Both parties agree that, in the event the Grain Supply Agreement is terminated, the Double Loop Agreement will likewise cease to operate. But Aventine, focusing on the differences in the underlined language above, argues that even if the Double Loop Agreement is terminated in this fashion, the easements that it creates will continue to exist. Citing the maxim " expressio unius est exclusio alterius " (the expression of one thing is the exclusion of the others), Aventine argues that while the agreement contemplates that both the Double Loop Agreement and the easements may be extended, only the agreement terminates with the Grain Supply Agreement. In other words, Aventine argues that the lack of the phrase "and the easements granted herein" in the final sentence means that the easements continue independent of the Double Loop Agreement. Filing 39-3 at 4.

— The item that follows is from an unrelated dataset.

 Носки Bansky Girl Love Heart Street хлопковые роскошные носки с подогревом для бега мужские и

The Court is not persuaded. Or, more precisely, the Court's preliminary determination is that Aurora Co-op has advanced the more reasonable interpretation of this provision. The Court further finds that, despite the parties' conflicting interpretations, this provision is not ambiguous. The fact that parties to a document have or suggest opposing interpretations of the document does not necessarily, or by itself, compel the conclusion that the document is ambiguous. Big River Const., 681 N.W.2d at 756. A provision of a contract is ambiguous when, considered with other pertinent provisions as a whole, it is susceptible of at least two reasonable but conflicting interpretations. Krzycki v. Genoa Nat. Bank, 496 N.W.2d 916, 921 (Neb. 1993); Bedrosky v. Hiner, 430 N.W.2d 535, 539 (Neb. 1988). As the Court explains below, the interpretation that Aventine currently advances is not reasonable.

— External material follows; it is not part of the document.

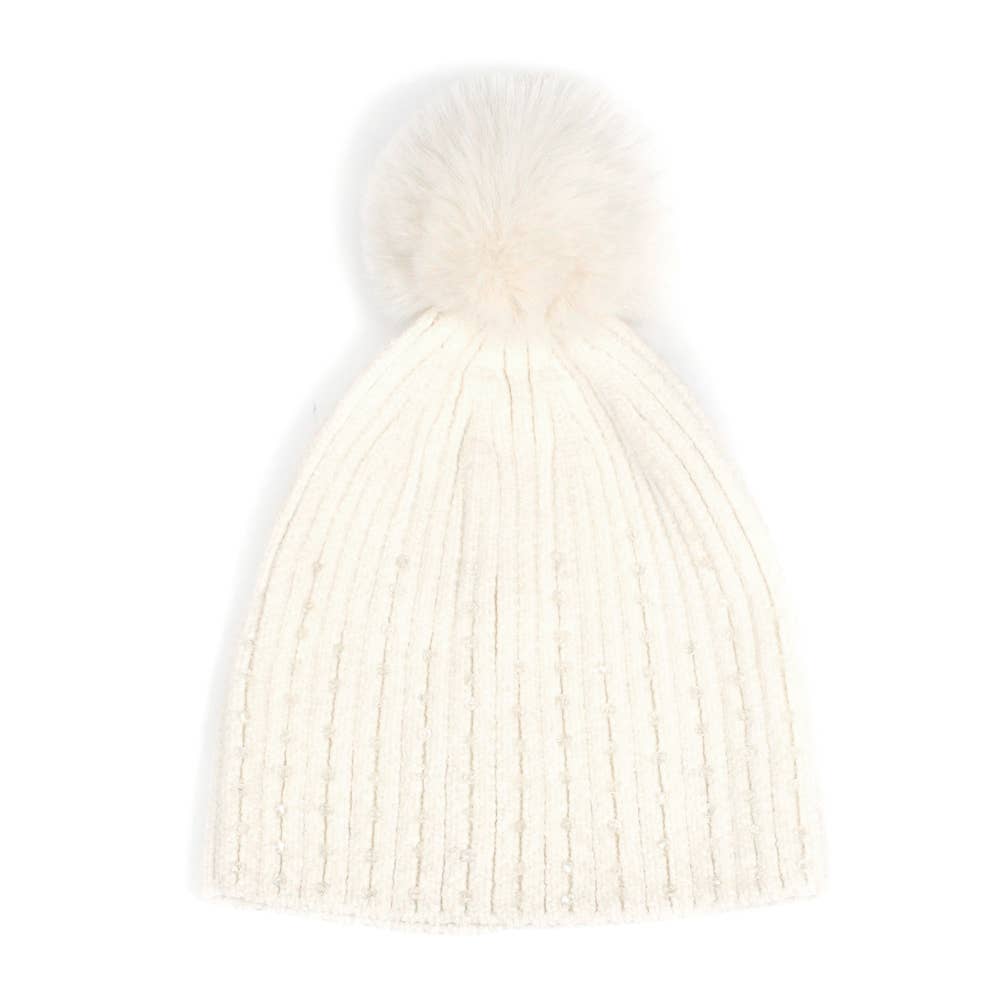 Stone Embellished Chenille Pom Pom Beanie Hat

When section 8 is considered in its entirety and with the agreement as a whole, it is apparent that the easements only survive as long as the agreement which created them. First, Aventine's reading ignores the beginning of section 8, which synchronizes the beginning and the end of the agreement and the easements: "[t]he initial term of this Agreement and the easements granted herein shall commence on August 1, 2006... and shall continue thereafter for a term of twenty (20) years..., except as is expressly provided below." Filing 39-3 at 4. The "below" referred to is the final sentence and the two termination triggers: purchase of the Aventine site by Aurora Coop or termination of the Grain Supply Agreement. The first sentence sets forth an identical time table for the agreement and the easements it creates. Having already established that, there was no need to separately refer to the easements in the final sentence.

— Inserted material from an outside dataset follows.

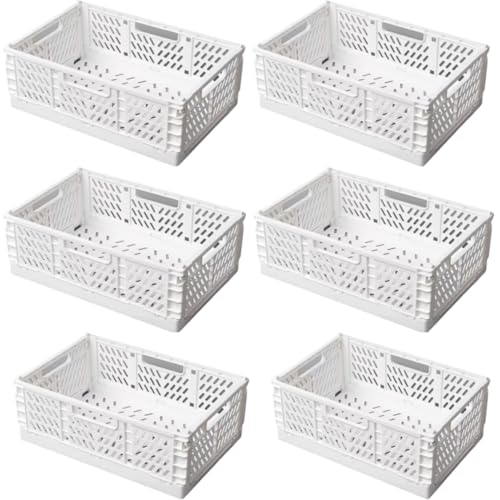 CNKHDZ 6 Pièces Caisses Pliable Plastique Blanc 42×28×16 cm,Boîtes de Rangement Pliables Empilable Cagettes Plastique Pliable Paniers Rangement avec...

There was no need to separately refer to the easements because there is no basis in the Double Loop Agreement (or any of the parties' other agreements) by which these easements could exist independent of the Double Loop Agreement. The easements were granted pursuant and subject to that agreement. And when that agreement terminates, there is nothing left to support the easements' existence. The parties could have provided for the easements to survive, but they did not. The termination clause contains no exceptions for certain portions of the agreement. When the Double Loop Agreement terminates, it does so in toto.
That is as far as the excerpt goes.